Joomla for instance, a pretty large (and generally quick) CMS, has in the range of 40 tables, not counting third party extensions.

Oh btw: has the site always ran slowly? or is this is a new occurance? If it's always been slow, I would have rackspace take a look at your machines setup. There might be something setup incorrectly in apache.

Edit: okay 'millions' is a gross exaggeration. However, a few thousand rows I do not believe is enough to cause a slow down, at least not a few thousand in a well designed database.
 
There's no one-size fits all answer to any broad optimization problem. Proper optimization involves first discovering what's slow.

If you don't have enough network bandwidth, nothing you can do the hardware is going to fix it - same if your pages are loading 40 separate javascript/CSS files & 'slow' is just latency.
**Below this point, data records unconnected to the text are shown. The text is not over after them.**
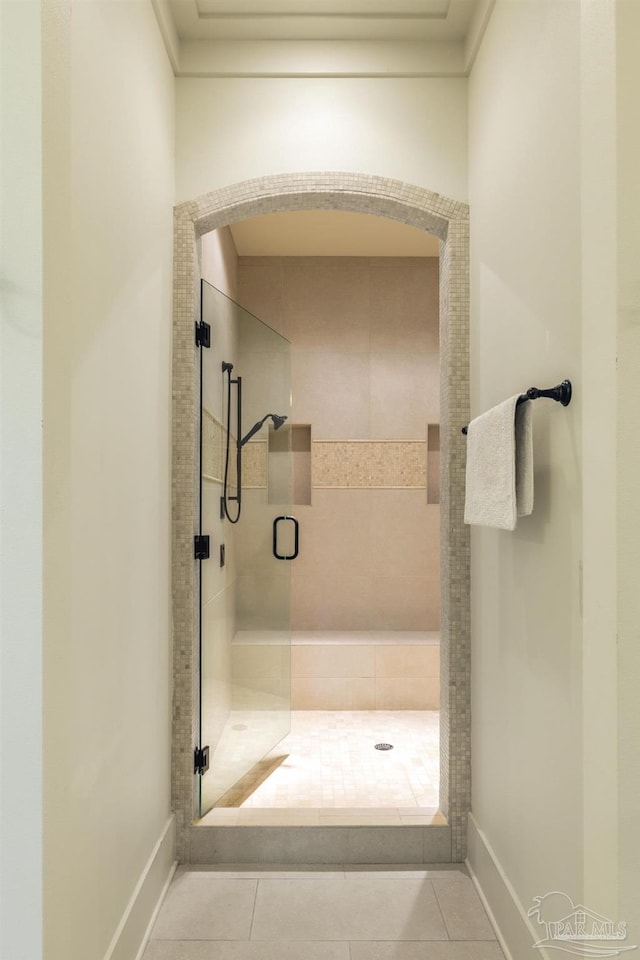 9 N Sunset Blvd, Gulf Breeze, FL 32561 - full bath featuring tile patterned flooring, a shower stall, and crown molding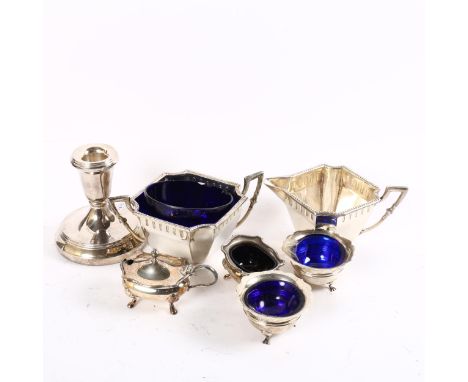 A silver4-piece cruet set with blue glass liners, a silver squat candlestick, and a silver plated milk jug and sugar bowl (7)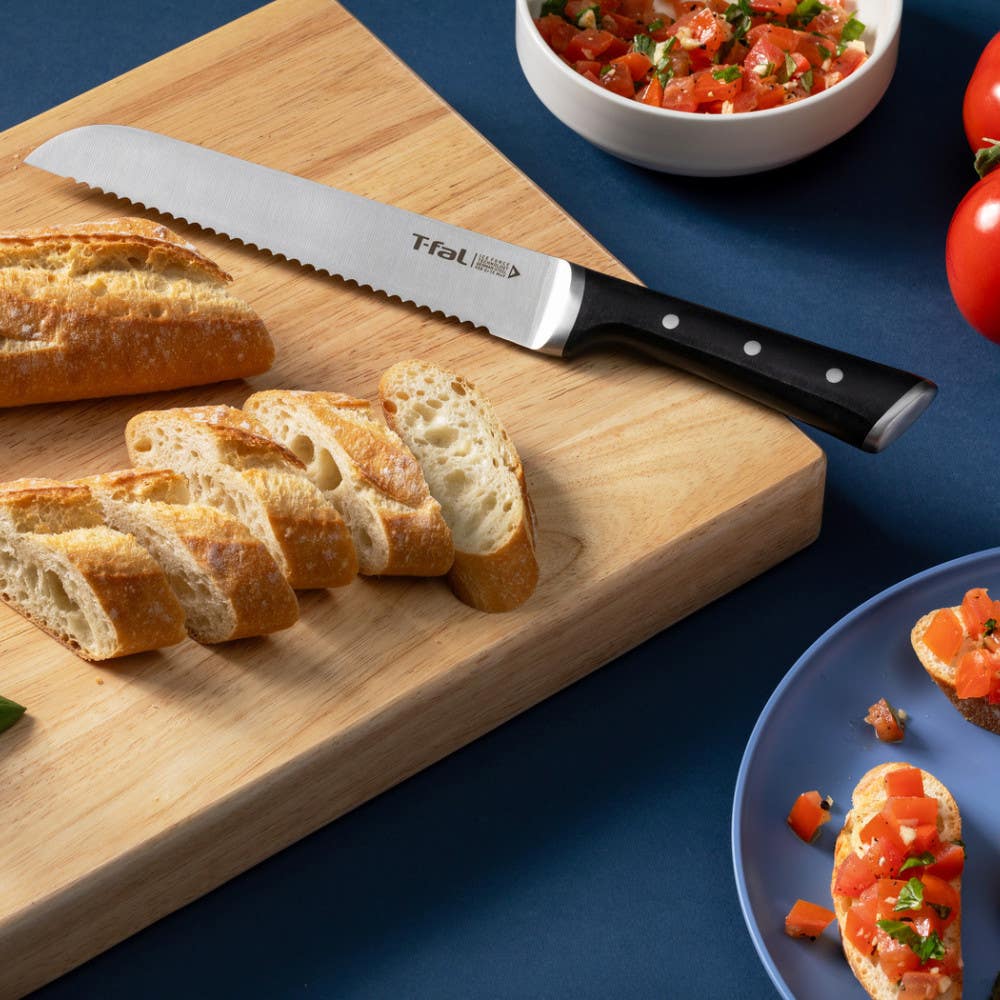 Sliced baguette with serrated knife, tomatoes and toppings nearby.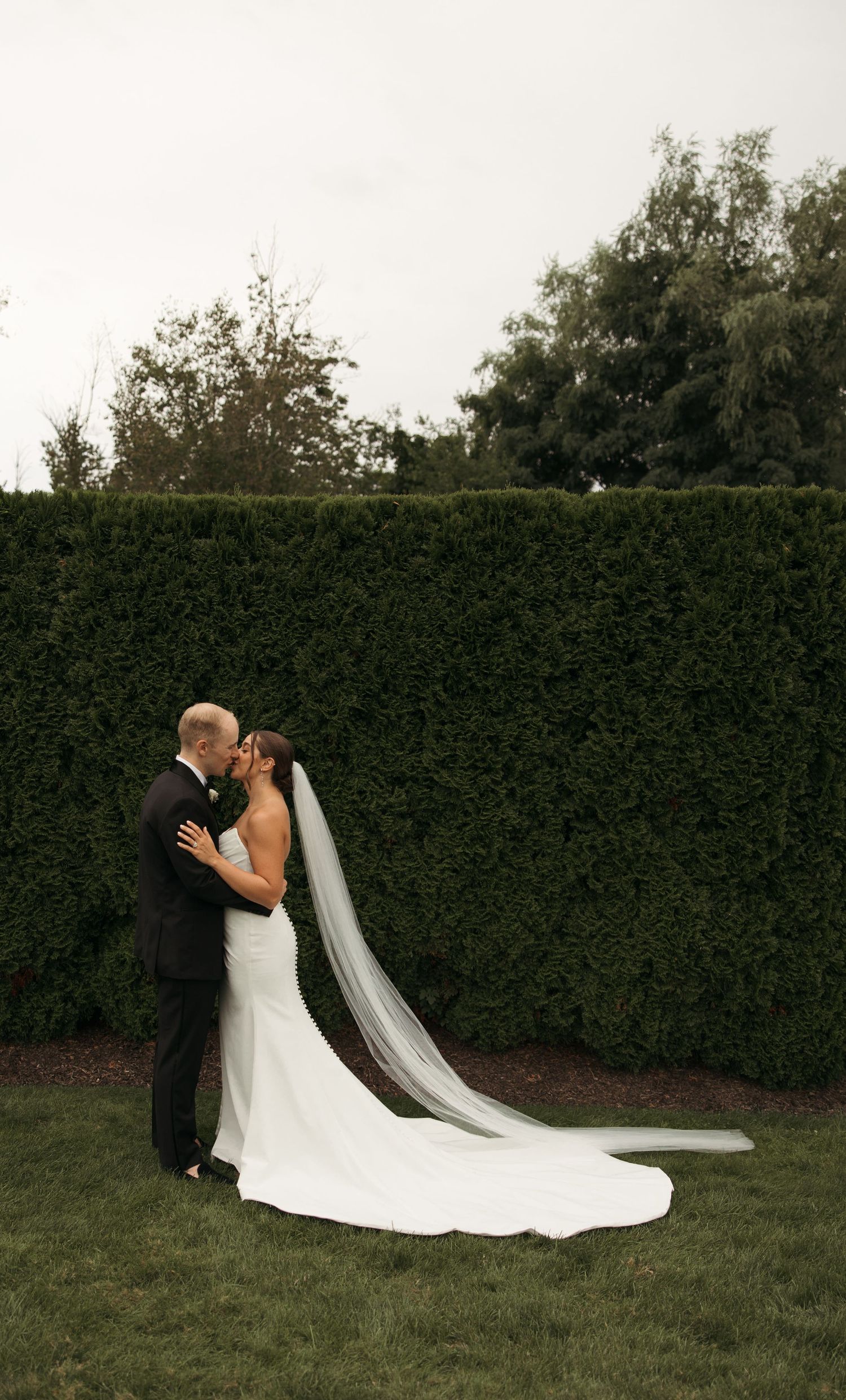 Bride and groom share a kiss on grass lawn with long cathedral veil trailing behind elegant white gown.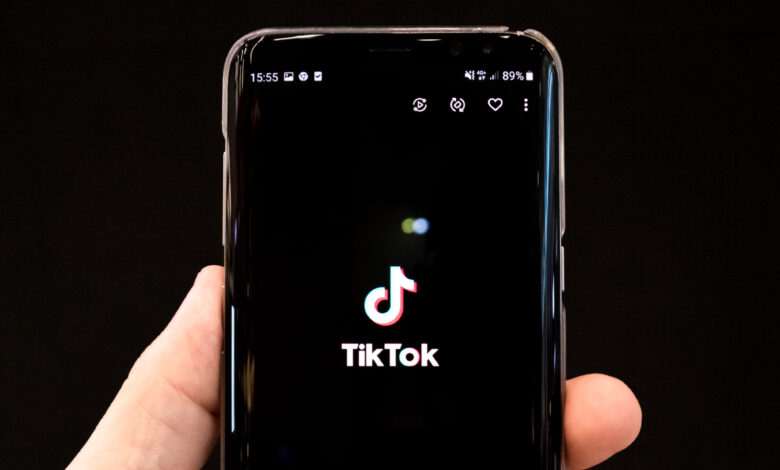 TikTok logo on phone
If the database is the weak link, you might be able to achieve acceptable performance by tuning your queries, adding some indexes, partitioning data, using stored procedures or storing precomputed data in denormalized tables.

The problem might be that the code is just inefficient - you could be using inefficient algorithms, repeatedly querying the database for the same data, recalculating the same data, repeatedly opening new DB connections or not offloading -enough- work to the database.
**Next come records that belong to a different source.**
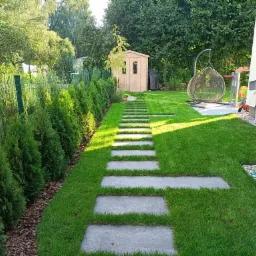 Zadbany ogród z równo przystrzyżonym trawnikiem, ścieżką z płyt betonowych prowadzącą do drewnianej altany, rządkiem tuj przy ogrodzeniu i wiszącym fotelem na tle zieleni.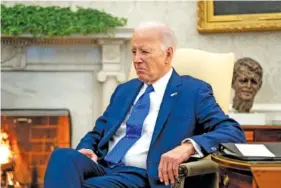 ?? AP PHOTO/ANDREW HARNIK ?? President Joe Biden sits Friday in the Oval Office of the White House in Washington.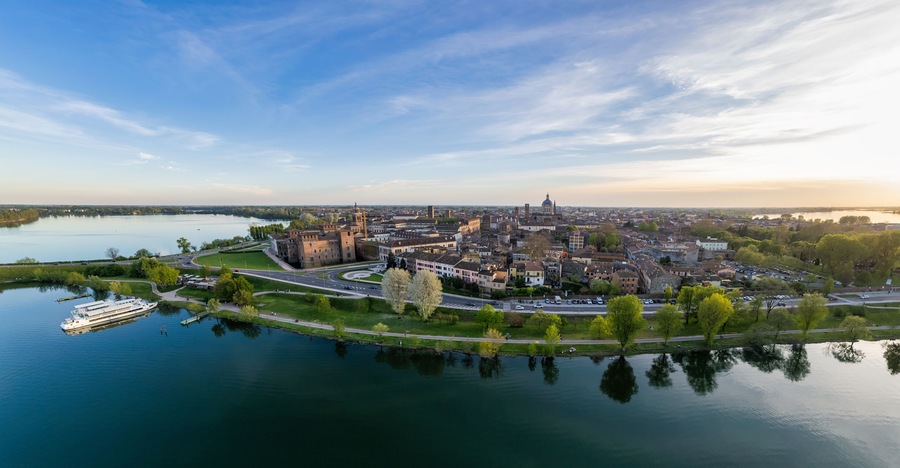 Aerial view into land of Castello di San Giorgio and cityscape at sunset, Mantua, Lombardy, Italy
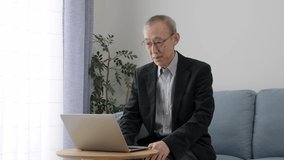 asian senior man talking video chat on a computer
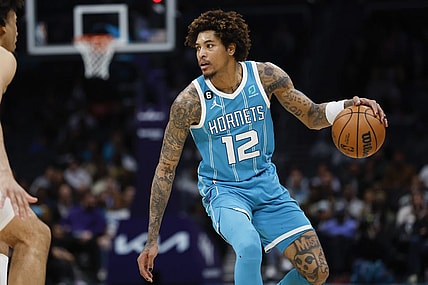 Mar 20, 2023; Charlotte, North Carolina, USA; Charlotte Hornets guard Kelly Oubre Jr. (12) runs the offense against the Indiana Pacers during the second half at Spectrum Center. Mandatory Credit: Nell Redmond-USA TODAY Sports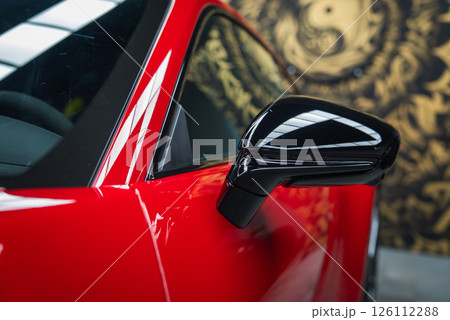 Side mirror and door of a red 2025 Porsche 911 GT3 922 with glossy black accents. Reflections and a golden abstract mural enhance the modern design. Side mirror and door of a red 2025 Porsche 911 GT3 922 with glossy black accents. Reflections and a golden abstract mural enhance the modern design. 126112288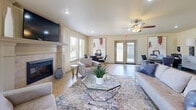 Located in Moore, Oklahoma, this single-floor space offers a thoughtfully designed layout that seamlessly integrates a living room, dining area, and kitchen into a cohesive and functional environment. The living room serves as the heart of the space, anchored by a tile-surround fireplace with a classic mantel and a wall-mounted television above. Multiple windows flood the room with natural light, while ceiling fans add comfort overhead. A set of French doors opens to the exterior, enhancing the sense of openness. Comfortable seating arrangements, a geometric glass coffee table, and tasteful artwork contribute to the welcoming ambiance throughout. The dining area features a round wood table with upholstered chairs and benefits from additional windows that frame outdoor views, complemented by decorative round mirrors on the wall. The kitchen is equipped with rich dark wood cabinetry, granite-style countertops, and black appliances, including a side-by-side refrigerator and electric range. A peninsula with bar seating provides a convenient casual dining option. Light tile flooring runs consistently throughout, tying the spaces together with a clean, neutral aesthetic that is both practical and inviting.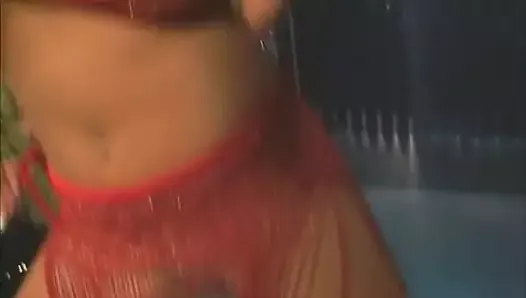 Gorgeous busty beauty rides sex machine at the strip club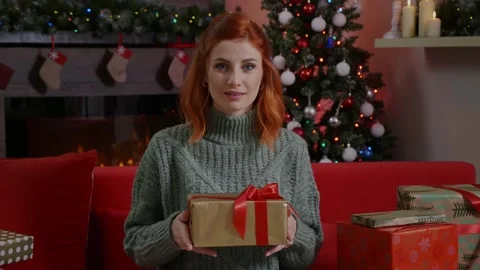 A red-haired female looking up the camera gives Christmas gift to family friends Stock Footage 314781843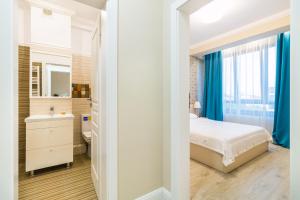 ein Schlafzimmer mit einem Bett, einem Waschbecken und einem Spiegel in der Unterkunft Cartagena Pen Mamaia NORD in Mamaia Nord – Năvodari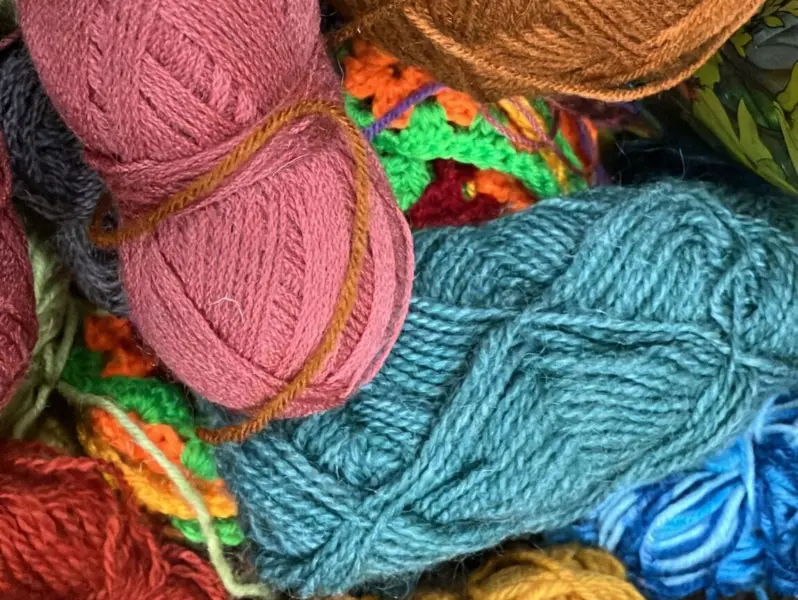 A heap of overlapping balls of yarn of many different colours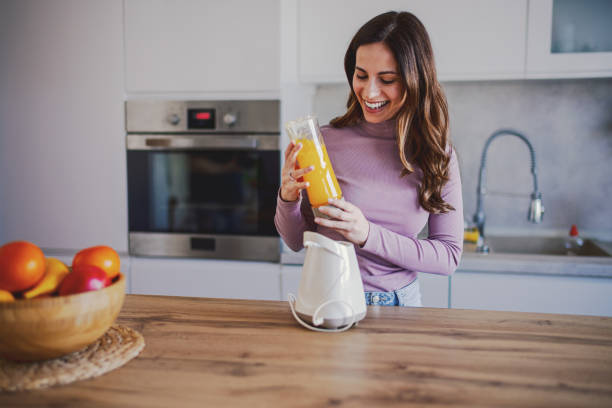 istock Woman preparing a Smoothie Into a Glass 2202336858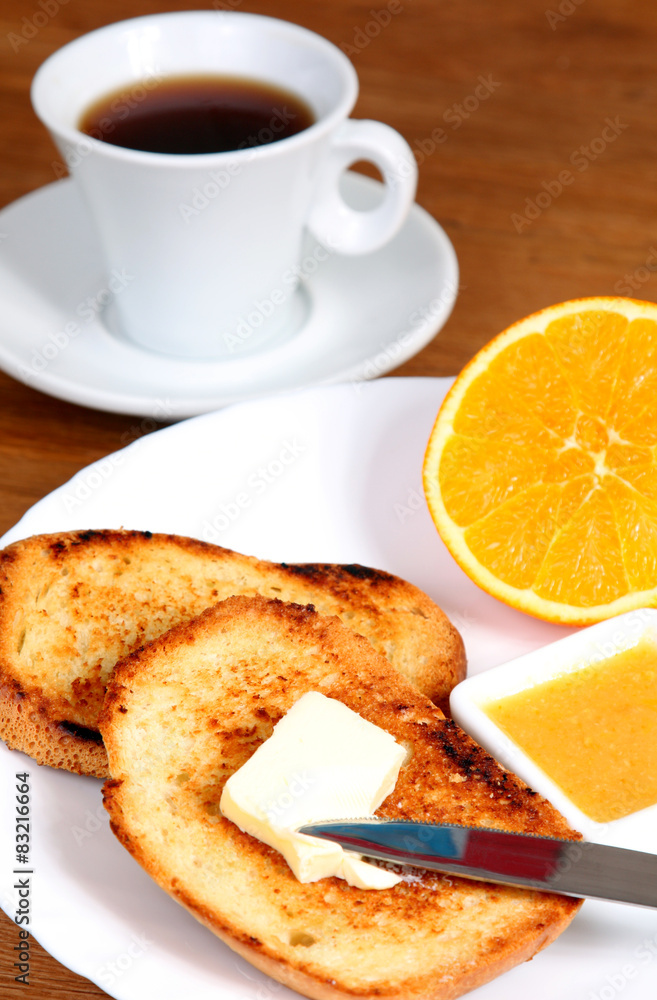 breakfast: cup of coffee, toasts, jam, butter and orange breakfast: cup of coffee, toasts, jam, butter and orange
If you're using CGI scripts, the slowness might just be startup overhead of your environment - fastcgi could be the solution.

The solution might just be something as simple as modifying the webserver configuration to allow more (less?) simultaneous requests. Similarly, there may be some tweak you could make to the DB config to speed things up.
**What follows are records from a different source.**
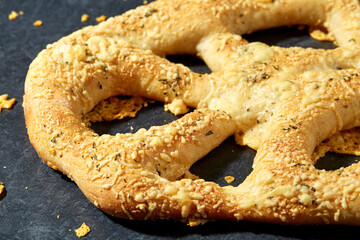 food, baking and cooking concept - close up of cheese bread on kitchen table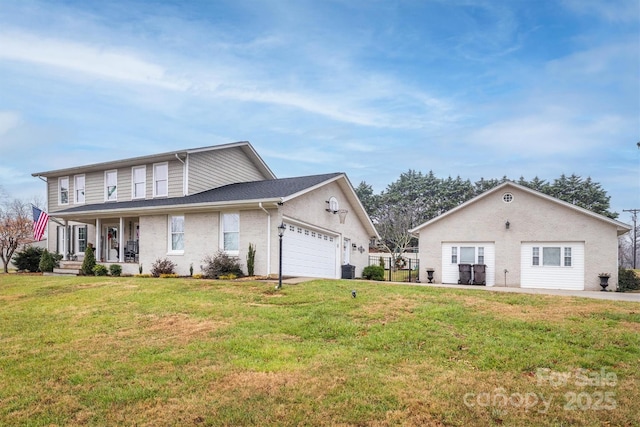 view of front of property featuring covered porch, a garage, and a front lawn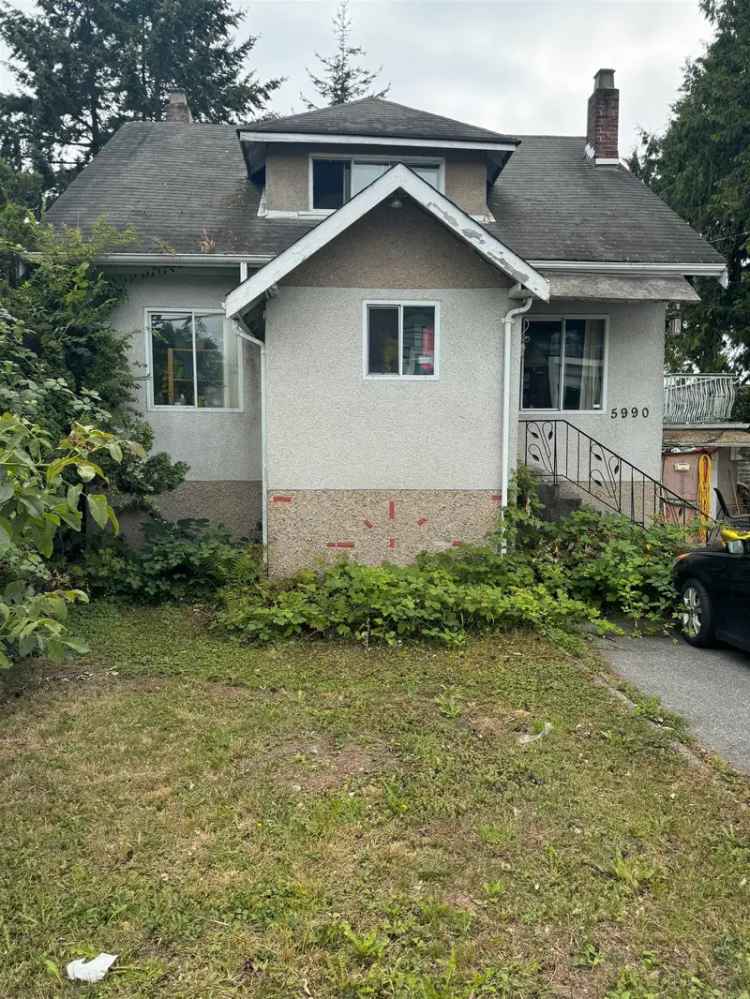 For Sale Charming House in Burnaby with Duplex Lot and Future Potential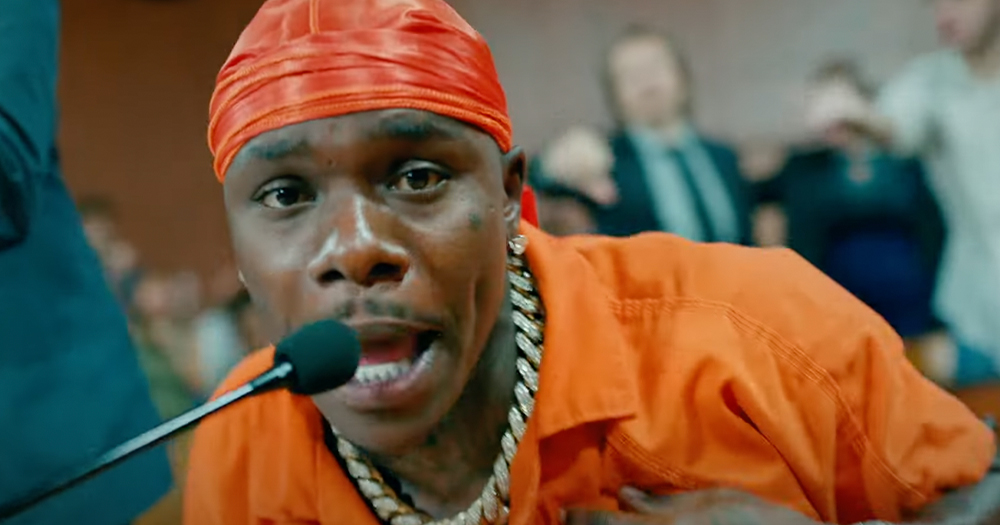 A man dressed in a prison uniform raps into a microphone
The solution might just be something as simple

The solution might just be to tune the webserver.

BTW - 48 tables is nothing. I've worked on systems with thousands of tables/views and dozens of gigabytes of data.
 
The best way to speed something up is to figure out what's slow. Nobody here can give you any sensible answer until you explain your architecture, share what you've measured (and what you haven't), and so on. The only other viable alternative is to enumerate suggestions for things to go and measure, which amoeba has already done ...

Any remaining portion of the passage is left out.